I did some research, and here's what I found out for why a distro might want to mark a base environment as externally managed per PEP 668:
- Some distros use python for internal system tools
- It's possible that somebody could install a package using pip that breaks a system utility
- There was some debate on whether PEP 668 makes sense for container images. It appears that the author of PEP 668 had the view that it did apply to containers, but the official guidance seems to leave it up to distro maintainers
- The opinion in favor of marking container image base python environments as externally managed appears to be this: Even in a container image that runs one piece of code only (e.g. a web server) it's considered a best practice to use a venv, because that code might in theory call a system utility that is written in python. That system utility might not work if a package was installed.

From what I have been able to gather, Debian has supported PEP 668.
- It would appear that the pypa developers have delegated the decision to distro maintainers

Further reading

NOTE: I am not any of the users on this Github issue list, this is the first time I've posted anything about this anywhere.

- https://github.com/pypa/pip/issues/10556
- https://discuss.python.org/t/pep-668-ma ... aged/10302

Container use case

What I typically do with Docker images:
- I usually copy some python scripts into them and install their packages, then run the python code as a web server, etc...
- Some of these python packages are very obscure and probably not something debian really wants to bother with adding to their apt repos, and sometimes we make internal packages that are also too niche to bother submitting to Debian's apt repos
- I occasionally install apt packages if needed but it's rather rare
- I use apt to install python-is-python3, python3-pip, and python3-venv
- I use apt for C/C++/etc. dependencies (like libblas, etc...) and I use pip for python dependencies (requests, numpy, etc...)
- I do not use apt to install any python packages after the initial setup. Sometimes python packages use the C/C++ packages, sometimes python packages come bundled with compiled source.
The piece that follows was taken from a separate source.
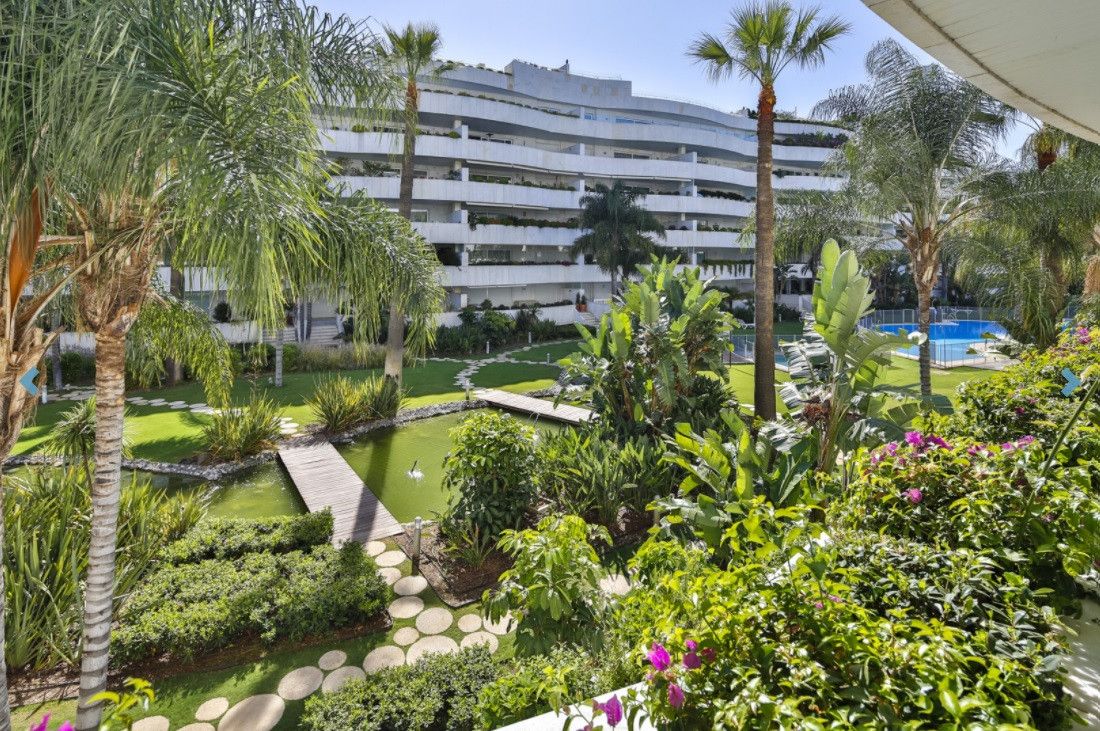 Lujoso apartamento en Puerto Banús, Costa del Sol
For my testing, I'm using debian:12 from https://hub.docker.com/_/debian
- As far as I can tell, the debian:12 container image from Docker Hub does not have any version of python installed in it at all, I tried which python, python2, python3, and got no results
- I did a grep for "python" in /usr/bin and it came back with no results
- The act of installing python using e.g. apt-get install python3-pip will pull in libpython3.11-stdlib

Here's what I'm not understanding:
- If there's no python installed in the debian base image to start with, then there are no core system utilities that use Python
- If there's no system utilities in the debian image using python, is there any concern of breaking anything by installing packages to the system directories?
- Is it that the debian image doesn't currently use python for system utilities, but it might want to in the future?
- If I use apt for C/C++ dependencies (after installing python-is-python3, python3-pip, and python3-venv) and use pip for installing all other python packages, am I going to break anything?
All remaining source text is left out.